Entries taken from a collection

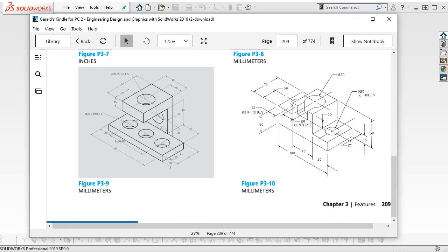For figure P3-9, we have two pieces of geometry, so we can do the lower and then come back and do the little L-shape.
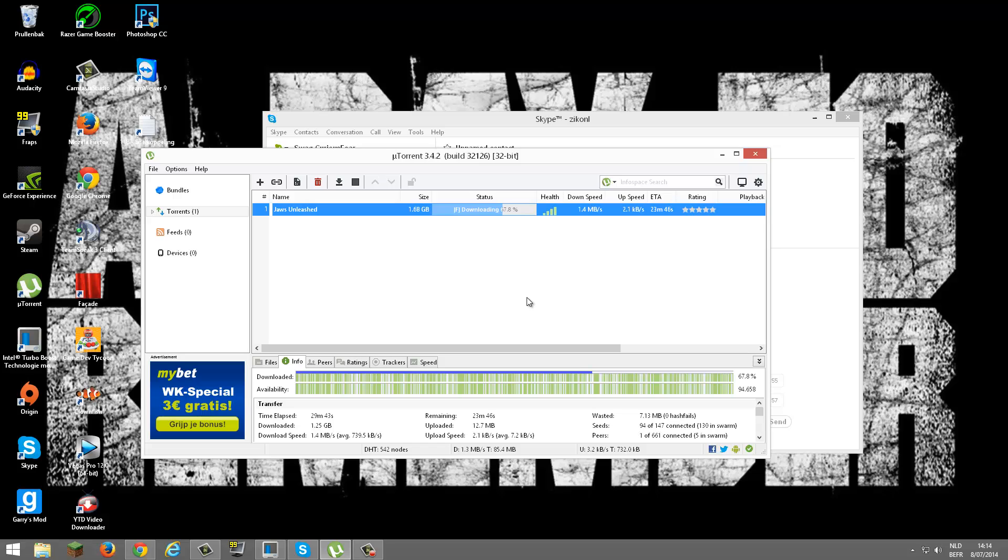1.5! There you go. 1.4, 1.5 is pretty good in my opinion. 1.4, that is a lot for my internet speed.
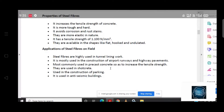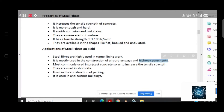Under loading and back loading, it doesn't fail — it doesn't fracture. That's why we use it. We also use it in highway pavements, and we use it in precast concrete. We use it in shotcrete as well.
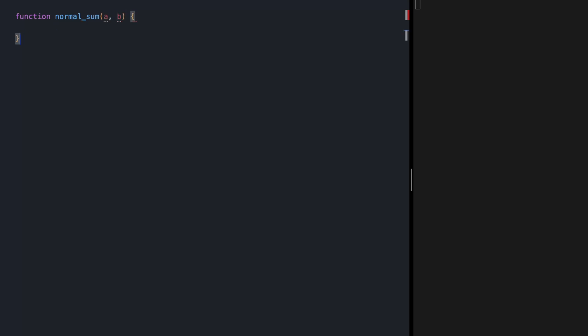Let's start by defining our sum function. I'm going to call it normal sum. It's going to receive two parameters, and it's going to return a plus b. Let's try this with 1 and 2, and if we save, we should see 3 on the right side.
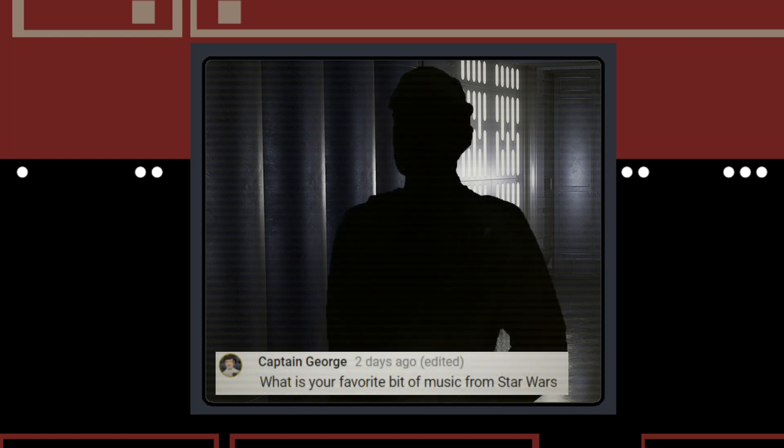Captain George asks what is my favorite bit of music from Star Wars. There are tons of honorable mentions for several different reasons. The It's Working score is what springs to mind. It's beautiful. It's only about 20 seconds, but that score of the pod races starting and little Anakin shouting it's working. I don't know what the score is actually called.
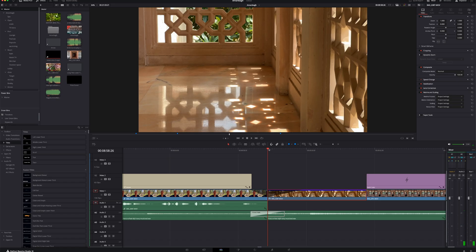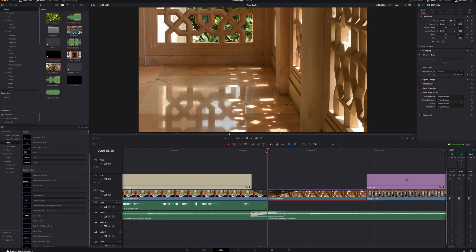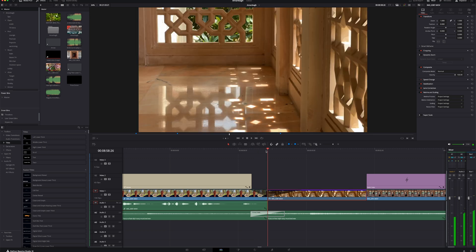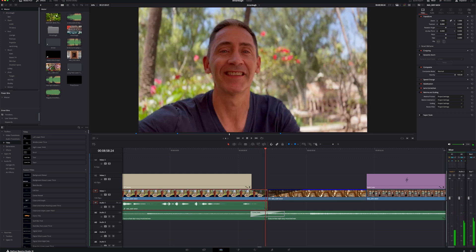The bug is this: sometimes when you make a change after you've done an edit, for some reason the change doesn't take place. For example, here I've got a fade out and a fade in and it just doesn't show. Naturally you would think that when you export it, DaVinci Resolve will reference the right files and the right commands and render perfectly — but that is not the case.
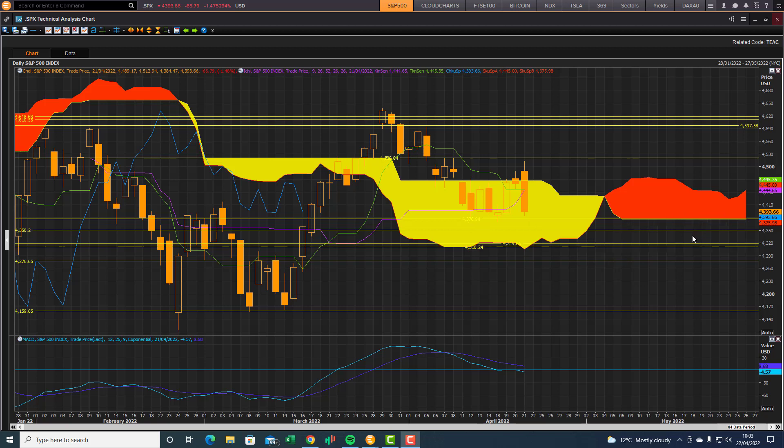So still a bit of weakness there in the market, but as long as we stay above this bottom end cloud here, the rally on the daily should be okay. But as soon as we dip below this bottom end cloud chart support level, then the outlook is going to change back to bearish on the daily chart.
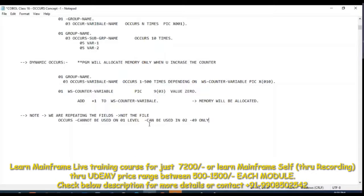Without memory allocated to a variable, can I access that variable in my program? Can I use that variable in my processor division without getting any memory allocated? The question is very simple. In my program, I have defined a variable but there is no memory allocated to that variable. Can I use that variable in my program, anywhere in the procedure division — display, calculation, anywhere?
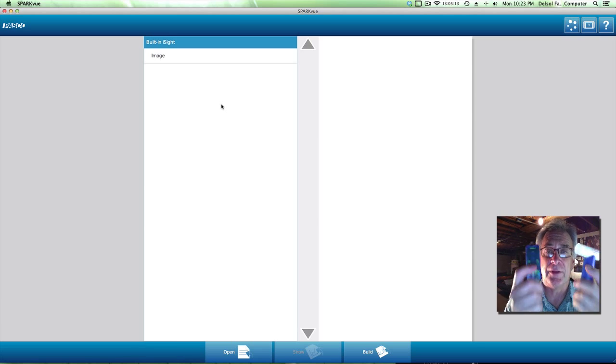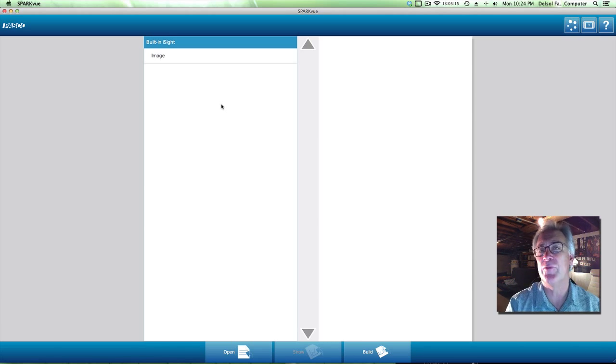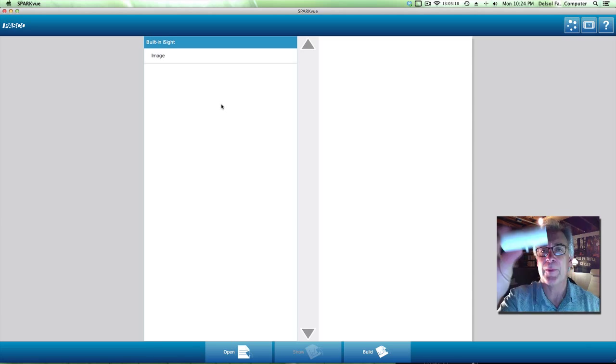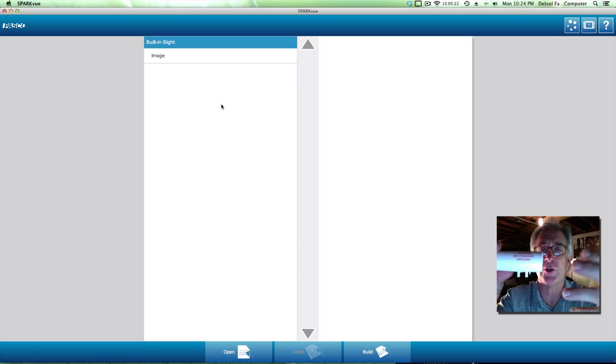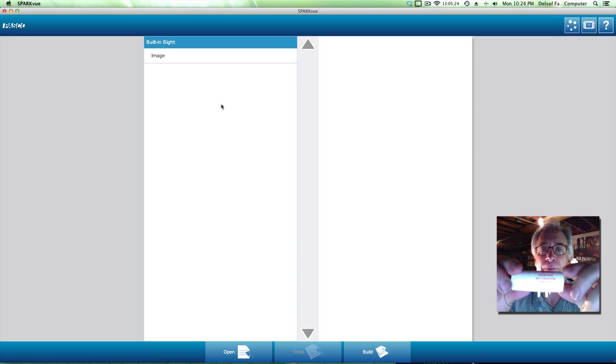Before I plug this in, I want to go over a couple of features that you need to know about. The mouthpiece, of course, is disposable, so once the subjects use it, we need to throw it away.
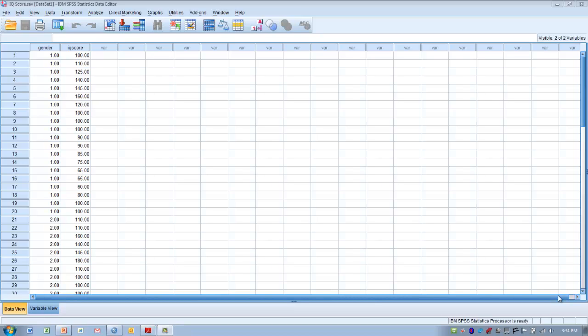This tutorial will demonstrate how to calculate Z-scores and then how to use those Z-scores to determine probabilities of occurrence. We're often given a Z-score and asked to determine the percentile rank, or asked to determine the range of scores, or the percentage of scores that might occur between a range of Z-scores, or the percentage of scores that might fall above or below a particular Z-score.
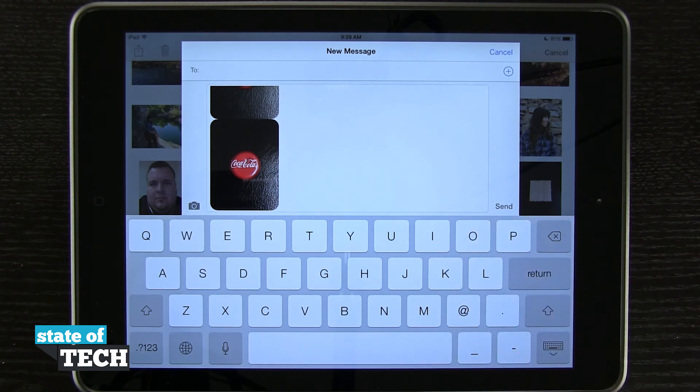So that's how you send multiple photos in messages on the iPad. For more iPad Air tips, be sure and visit stateoftech.net.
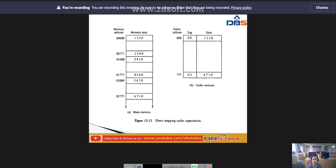A disadvantage of direct mapping cache organization is that the hit ratio can drop considerably if two or more words whose addresses have the same index but different tags are accessed repeatedly. In direct mapping cache with a block size of eight words, the index field is divided into two fields: a block field and a word field.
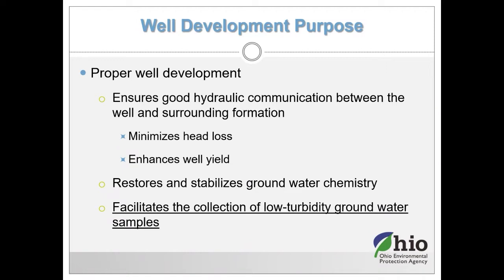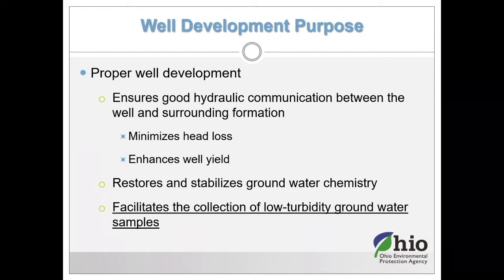Proper well development ensures good hydraulic communication between the well and surrounding formation. We want to minimize head loss — we want the hydraulic head in the well to be the same as that in the formation. We also want to enhance the well yield, restore and stabilize groundwater chemistry, and most importantly, facilitate the collection of low-turbidity groundwater samples.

**Action item:** Using the entries above, transcribe every line from the line containing "The bug is this: sometimes" through the line containing "So still a bit". Do not copy pictures.

**Solution:**
The bug is this: sometimes when you make a change after you've done an edit, for some reason the change doesn't take place. For example, here I've got a fade out and a fade in and it just doesn't show. Naturally you would think that when you export it, DaVinci Resolve will reference the right files and the right commands and render perfectly — but that is not the case.
So still a bit of weakness there in the market, but as long as we stay above this bottom end cloud here, the rally on the daily should be okay. But as soon as we dip below this bottom end cloud chart support level, then the outlook is going to change back to bearish on the daily chart.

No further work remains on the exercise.